John the Divine or Saint John the Divine refers to the man whom Christian tradition variously calls “John of Patmos,” author of the Book of Revelation, “John the Apostle,” and “John the Evangelist,” author of the Gospel According to John, and the three letters of John in the New Testament.
John, the son of Zebedee, with his brother James, was called from being a fisherman to be a disciple and “fisher of men.” With Peter and James, he became one of the inner group of three disciples whom Jesus chose to be with him at the raising of Jairus’ daughter, at the Transfiguration, and in the garden of Gethsemane.
John and his brother James are recorded in the Gospel as being so hotheaded and impetuous that Jesus nicknamed them “Boanerges,” which means, “sons of thunder.” They also appear ambitious, in that they sought seats of honor at Jesus’ right and left when he should come into his kingdom; yet they were faithful companions, willing, without knowing the cost, to share the cup Jesus was to drink. When the other disciples responded in anger to the audacity of the brothers in asking for this honor, Jesus explained that in his kingdom leadership and rule takes the form of being a servant to all.
If, as is commonly held, John is to be identified with the “disciple whom Jesus loved,” then he clearly enjoyed a very special relationship with his Master, reclining close to Jesus at the Last Supper, receiving the care of his mother at the cross, and being the first to understand the truth of the empty tomb.
The Acts of the Apostles records John’s presence with Peter on several occasions: the healing of the lame man at the Beautiful Gate of the Temple, before the Sanhedrin, in prison, and on the mission to Samaria to lay hands upon the new converts that they might receive the Holy Spirit.

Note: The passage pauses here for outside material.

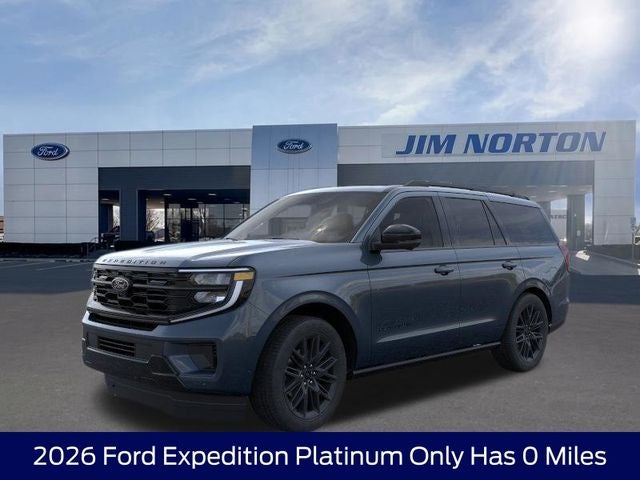2026 Ford Expedition Platinum in Blue Metallic — front three-quarter view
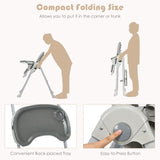 NNECW Baby Foldable Convertible High Chair with Adjustable Height Recline-Grey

According to tradition, John later went to Asia Minor and settled at Ephesus. Under the Emperor Domitian, he was exiled to the island of Patmos, where he experienced the visions recounted in the Book of Revelation. Irenaeus, at the end of the second century, liked to recall how Polycarp, in his old age, had talked about the apostle whom he had known while growing up at Ephesus. It is probable that John died there. He alone of the Twelve is said to have lived to extreme old age and to have been spared a martyr’s death.